Dalam konteks ini, upaya tebar pesona parpol berikut elit politik lebih mengonsentrasikan kemasan luar dari pada isinya. Artinya, kemasan tebar pesona dalam bentuk iklan politik, justru semakin memperlebar tingkat kesenjangan antara kemasan dengan isinya. Antara tokoh politik, parpol, dengan masyarakat calon pemilih.


Atas dasar pengalaman komprehensif semacam itu, rakyat cenderung hati-hati. Rakyat semakin permana dalam menentukan siapa yang layak memimpin negeri dengan sebutan jamrud katulistiwa ini. Kehati-hatian semacam itu lebih didasari pada fakta sejarah. Selama ini, para pemimpin bangsa yang diberi kepercayaan rakyat untuk mengelola Republik tercinta ini, lebih dikenal lewat tampilan kemasannya saja. Karena senantiasa mendewakan kemasan visualnya saja, akibatnya, para pemimpin bangsa dan pejabat publik lebih banyak bekerja dengan mengatur siasat dan beradu strategi demi merebut kekuasaan. Dengan label penguasa, mereka dipastikan memiliki hak mengelola bangsa dan negara ini. Lewat predikat penguasa, mereka mempunyai hak dan merasa paling mampu serta paling benar untuk mengatur bangsa dan negara ini. Dengan sebutan penguasa, mereka dapat memproyeksikan dirinya beserta pengikutnya untuk senantiasa menikmati kesejahteraan lahir batin.

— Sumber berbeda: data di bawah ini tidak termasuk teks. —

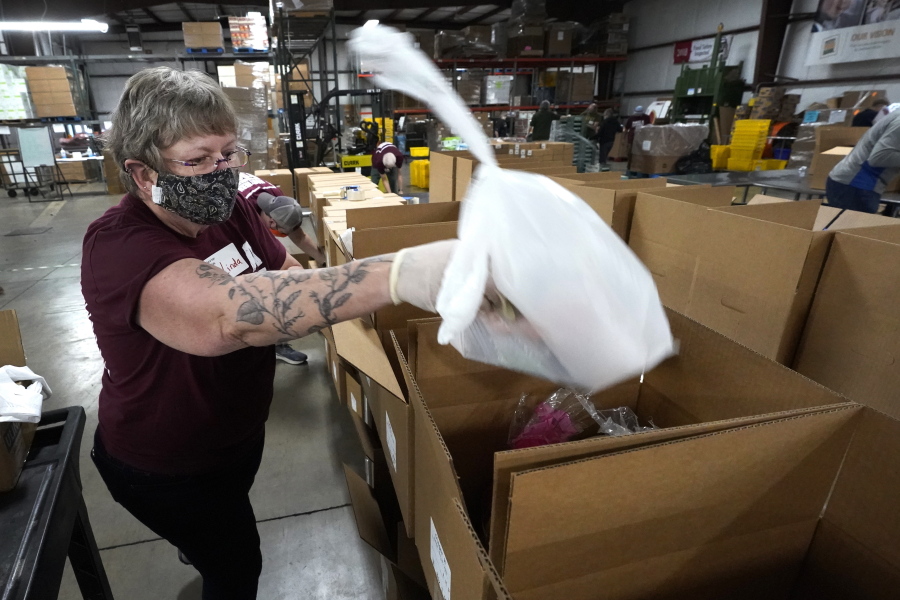 Volunteer Linda Nordin places a meat package into a box with other food at the Northern Illinois Food Bank to be delivered by DoorDash drivers for area residents who are homebound Wednesday, Nov. 10, 2021, in Park City, Ill. Previously, the pantry's express program was not available to its homebound clients because someone had to physically go to a collection point to pick up the food. But with DoorDash's technology, now homebound clients can go to the My Pantry Express website and pick from the available food.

Dalam alam reformasi seperti sekarang ini, masyarakat secara terbuka tidak akan terpengaruh oleh janji tokoh politik yang manis di mulut, namun pahit dalam kenyataan kehidupan sehari-hari. Mereka tidak mau bagian dari kehidupannya diganggu oleh janji gombal yang disuarakan partai politik yang senang berburu kekuasaan.


Untuk itulah, dengan mengedepankan moralitas. Menjunjung tinggi kejujuran. Dan berpolatindak pada kearifan lokal. Kita percaya, masih banyak partai politik, dan tokoh politik yang layak mendapatkan amanat rakyat menjadi pemimpin bangsa. Dengan menempuh jalan yang baik dan benar serta bermartabat, masih banyak negarawan pengayom masyarakat, yang rela mengabdikan diri, guna mewujudkan nurani keadilan dan rasa kesejahteraan bagi seluruh rakyat Indonesia.


Lewat kerjasama dan komunikasi dialogis secara egaliter antar parapihak, diyakini mampu memunculkan dan memelihara kehidupan ini dengan nyaman, aman, tenteram, adil, dan sejahtera. Dengan demikian keadaan Indonesia yang gemah ripah loh jinawi, tata tentrem kerta raharja, bukan hanya sekadar impian di siang bolong. Tetapi kasunyatan yang hakiki!